What the exercise asks ->
Return all of the data exactly, with nothing left out but the pictures.

Provided data ->
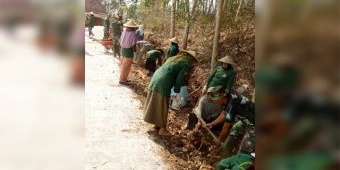 Topi Caping Hiasi Jalan Dalam Giat TMMD 106 Kodim 0818 Malang-Batu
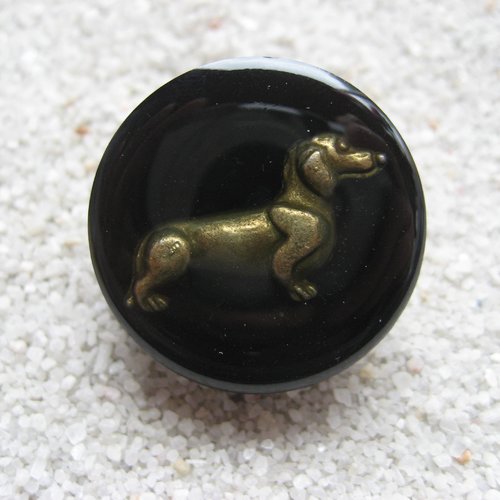 Bague ajustable unisexe chien teckel bronze sur fond noir en résine diamètre 25mm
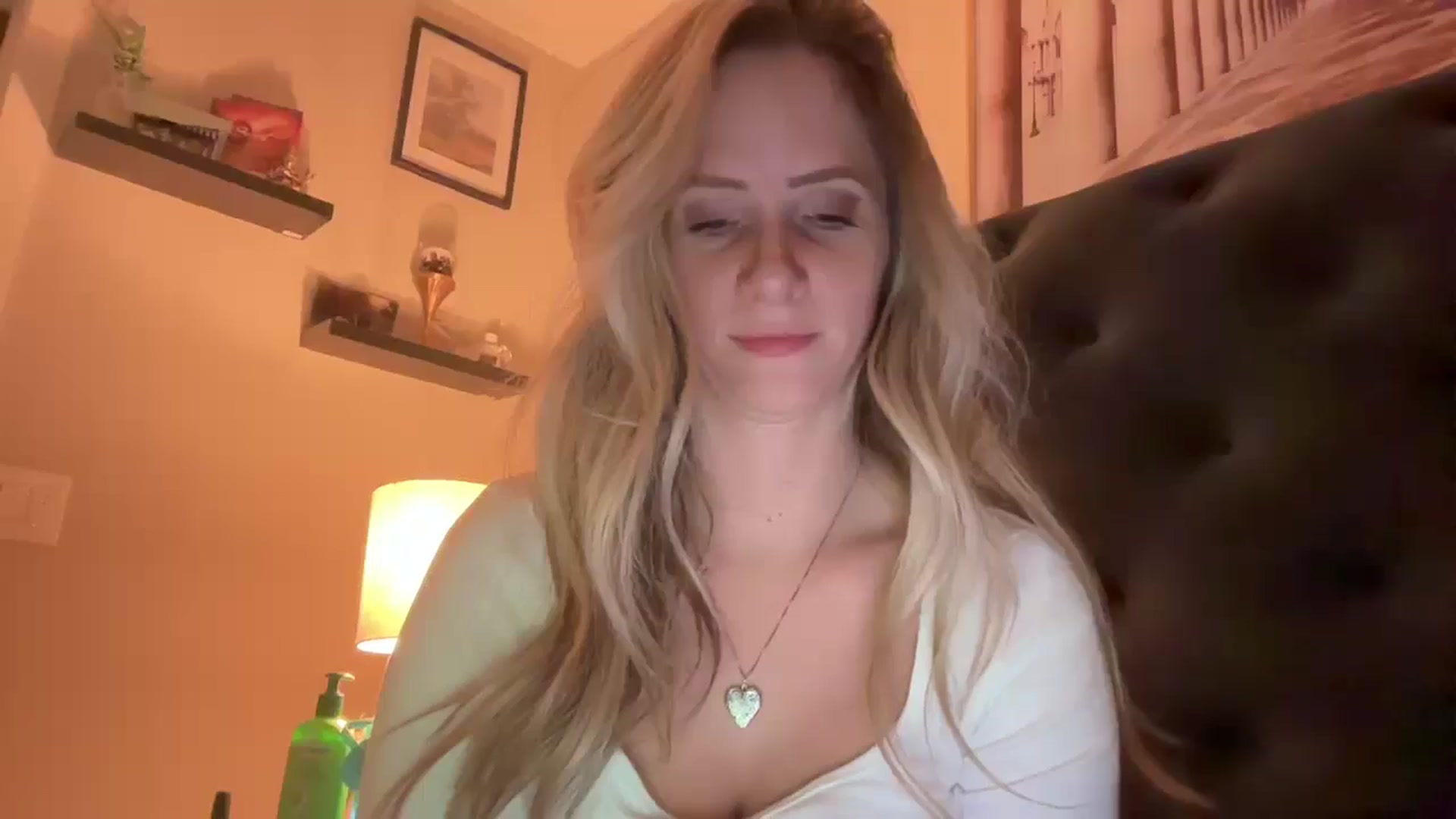 Gallery image thumbnail from Lucylux1's myfreecams stream on, 12/02/2024, 04:26 image 11 of 20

Expected answer ->
 Topi Caping Hiasi Jalan Dalam Giat TMMD 106 Kodim 0818 Malang-Batu
 Bague ajustable unisexe chien teckel bronze sur fond noir en résine diamètre 25mm
 Gallery image thumbnail from Lucylux1's myfreecams stream on, 12/02/2024, 04:26 image 11 of 20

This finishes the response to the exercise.